**WORK INSTRUCTION**
Copying each record below exactly is the whole task.

**DATA IN THIS EXERCISE**

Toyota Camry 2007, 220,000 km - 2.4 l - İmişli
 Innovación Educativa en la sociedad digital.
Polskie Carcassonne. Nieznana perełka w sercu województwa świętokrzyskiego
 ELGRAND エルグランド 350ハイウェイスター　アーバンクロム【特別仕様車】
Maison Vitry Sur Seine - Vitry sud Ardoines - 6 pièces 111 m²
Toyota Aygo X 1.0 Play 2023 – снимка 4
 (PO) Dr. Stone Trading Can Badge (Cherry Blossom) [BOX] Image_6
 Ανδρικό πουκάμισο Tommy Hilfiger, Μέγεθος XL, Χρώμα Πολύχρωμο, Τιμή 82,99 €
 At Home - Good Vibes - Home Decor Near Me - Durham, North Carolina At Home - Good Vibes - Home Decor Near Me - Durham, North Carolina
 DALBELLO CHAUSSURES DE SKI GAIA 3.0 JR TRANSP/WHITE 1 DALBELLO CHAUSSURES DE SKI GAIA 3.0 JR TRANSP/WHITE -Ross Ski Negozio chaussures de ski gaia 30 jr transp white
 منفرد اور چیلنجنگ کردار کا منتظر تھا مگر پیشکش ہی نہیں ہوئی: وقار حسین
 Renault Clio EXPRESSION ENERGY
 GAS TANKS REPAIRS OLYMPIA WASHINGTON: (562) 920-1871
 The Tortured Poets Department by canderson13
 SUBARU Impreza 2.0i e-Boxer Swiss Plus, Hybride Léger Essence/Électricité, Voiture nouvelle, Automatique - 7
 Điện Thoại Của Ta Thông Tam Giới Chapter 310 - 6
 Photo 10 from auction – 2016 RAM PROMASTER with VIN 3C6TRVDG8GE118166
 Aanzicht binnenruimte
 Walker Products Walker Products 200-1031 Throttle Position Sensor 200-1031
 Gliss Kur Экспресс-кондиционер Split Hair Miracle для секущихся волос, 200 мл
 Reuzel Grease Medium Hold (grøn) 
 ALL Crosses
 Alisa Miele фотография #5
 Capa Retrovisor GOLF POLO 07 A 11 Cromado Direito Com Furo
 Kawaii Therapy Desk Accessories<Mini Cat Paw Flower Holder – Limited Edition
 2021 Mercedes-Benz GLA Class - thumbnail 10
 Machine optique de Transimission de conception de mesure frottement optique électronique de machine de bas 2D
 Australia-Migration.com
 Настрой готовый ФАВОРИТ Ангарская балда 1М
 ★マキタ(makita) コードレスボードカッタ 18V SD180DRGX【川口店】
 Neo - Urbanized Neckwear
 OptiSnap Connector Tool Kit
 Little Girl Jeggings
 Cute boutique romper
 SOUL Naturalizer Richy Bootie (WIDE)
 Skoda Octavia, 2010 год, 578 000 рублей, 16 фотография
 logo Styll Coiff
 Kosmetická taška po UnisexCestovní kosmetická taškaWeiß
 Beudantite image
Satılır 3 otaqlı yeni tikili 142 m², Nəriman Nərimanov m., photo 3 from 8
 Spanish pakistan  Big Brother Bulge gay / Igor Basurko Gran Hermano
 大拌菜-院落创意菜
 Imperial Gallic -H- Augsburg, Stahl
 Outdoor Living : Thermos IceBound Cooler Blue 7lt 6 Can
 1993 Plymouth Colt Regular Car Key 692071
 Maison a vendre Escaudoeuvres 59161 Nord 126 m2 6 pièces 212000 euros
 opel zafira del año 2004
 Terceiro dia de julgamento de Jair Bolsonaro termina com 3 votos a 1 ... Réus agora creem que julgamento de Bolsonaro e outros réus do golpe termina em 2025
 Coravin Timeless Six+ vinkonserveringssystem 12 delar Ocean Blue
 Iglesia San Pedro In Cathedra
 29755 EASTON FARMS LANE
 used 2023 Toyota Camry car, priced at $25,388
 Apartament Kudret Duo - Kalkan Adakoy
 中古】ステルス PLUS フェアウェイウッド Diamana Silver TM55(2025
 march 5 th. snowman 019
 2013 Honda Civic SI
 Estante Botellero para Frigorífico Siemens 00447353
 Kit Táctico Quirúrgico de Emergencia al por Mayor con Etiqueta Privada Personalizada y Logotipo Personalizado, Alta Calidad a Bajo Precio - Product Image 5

**THE COMPLETED TASK**
Toyota Camry 2007, 220,000 km - 2.4 l - İmişli
 Innovación Educativa en la sociedad digital.
Polskie Carcassonne. Nieznana perełka w sercu województwa świętokrzyskiego
 ELGRAND エルグランド 350ハイウェイスター　アーバンクロム【特別仕様車】
Maison Vitry Sur Seine - Vitry sud Ardoines - 6 pièces 111 m²
Toyota Aygo X 1.0 Play 2023 – снимка 4
 (PO) Dr. Stone Trading Can Badge (Cherry Blossom) [BOX] Image_6
 Ανδρικό πουκάμισο Tommy Hilfiger, Μέγεθος XL, Χρώμα Πολύχρωμο, Τιμή 82,99 €
 At Home - Good Vibes - Home Decor Near Me - Durham, North Carolina At Home - Good Vibes - Home Decor Near Me - Durham, North Carolina
 DALBELLO CHAUSSURES DE SKI GAIA 3.0 JR TRANSP/WHITE 1 DALBELLO CHAUSSURES DE SKI GAIA 3.0 JR TRANSP/WHITE -Ross Ski Negozio chaussures de ski gaia 30 jr transp white
 منفرد اور چیلنجنگ کردار کا منتظر تھا مگر پیشکش ہی نہیں ہوئی: وقار حسین
 Renault Clio EXPRESSION ENERGY
 GAS TANKS REPAIRS OLYMPIA WASHINGTON: (562) 920-1871
 The Tortured Poets Department by canderson13
 SUBARU Impreza 2.0i e-Boxer Swiss Plus, Hybride Léger Essence/Électricité, Voiture nouvelle, Automatique - 7
 Điện Thoại Của Ta Thông Tam Giới Chapter 310 - 6
 Photo 10 from auction – 2016 RAM PROMASTER with VIN 3C6TRVDG8GE118166
 Aanzicht binnenruimte
 Walker Products Walker Products 200-1031 Throttle Position Sensor 200-1031
 Gliss Kur Экспресс-кондиционер Split Hair Miracle для секущихся волос, 200 мл
 Reuzel Grease Medium Hold (grøn) 
 ALL Crosses
 Alisa Miele фотография #5
 Capa Retrovisor GOLF POLO 07 A 11 Cromado Direito Com Furo
 Kawaii Therapy Desk Accessories<Mini Cat Paw Flower Holder – Limited Edition
 2021 Mercedes-Benz GLA Class - thumbnail 10
 Machine optique de Transimission de conception de mesure frottement optique électronique de machine de bas 2D
 Australia-Migration.com
 Настрой готовый ФАВОРИТ Ангарская балда 1М
 ★マキタ(makita) コードレスボードカッタ 18V SD180DRGX【川口店】
 Neo - Urbanized Neckwear
 OptiSnap Connector Tool Kit
 Little Girl Jeggings
 Cute boutique romper
 SOUL Naturalizer Richy Bootie (WIDE)
 Skoda Octavia, 2010 год, 578 000 рублей, 16 фотография
 logo Styll Coiff
 Kosmetická taška po UnisexCestovní kosmetická taškaWeiß
 Beudantite image
Satılır 3 otaqlı yeni tikili 142 m², Nəriman Nərimanov m., photo 3 from 8
 Spanish pakistan  Big Brother Bulge gay / Igor Basurko Gran Hermano
 大拌菜-院落创意菜
 Imperial Gallic -H- Augsburg, Stahl
 Outdoor Living : Thermos IceBound Cooler Blue 7lt 6 Can
 1993 Plymouth Colt Regular Car Key 692071
 Maison a vendre Escaudoeuvres 59161 Nord 126 m2 6 pièces 212000 euros
 opel zafira del año 2004
 Terceiro dia de julgamento de Jair Bolsonaro termina com 3 votos a 1 ... Réus agora creem que julgamento de Bolsonaro e outros réus do golpe termina em 2025
 Coravin Timeless Six+ vinkonserveringssystem 12 delar Ocean Blue
 Iglesia San Pedro In Cathedra
 29755 EASTON FARMS LANE
 used 2023 Toyota Camry car, priced at $25,388
 Apartament Kudret Duo - Kalkan Adakoy
 中古】ステルス PLUS フェアウェイウッド Diamana Silver TM55(2025
 march 5 th. snowman 019
 2013 Honda Civic SI
 Estante Botellero para Frigorífico Siemens 00447353
 Kit Táctico Quirúrgico de Emergencia al por Mayor con Etiqueta Privada Personalizada y Logotipo Personalizado, Alta Calidad a Bajo Precio - Product Image 5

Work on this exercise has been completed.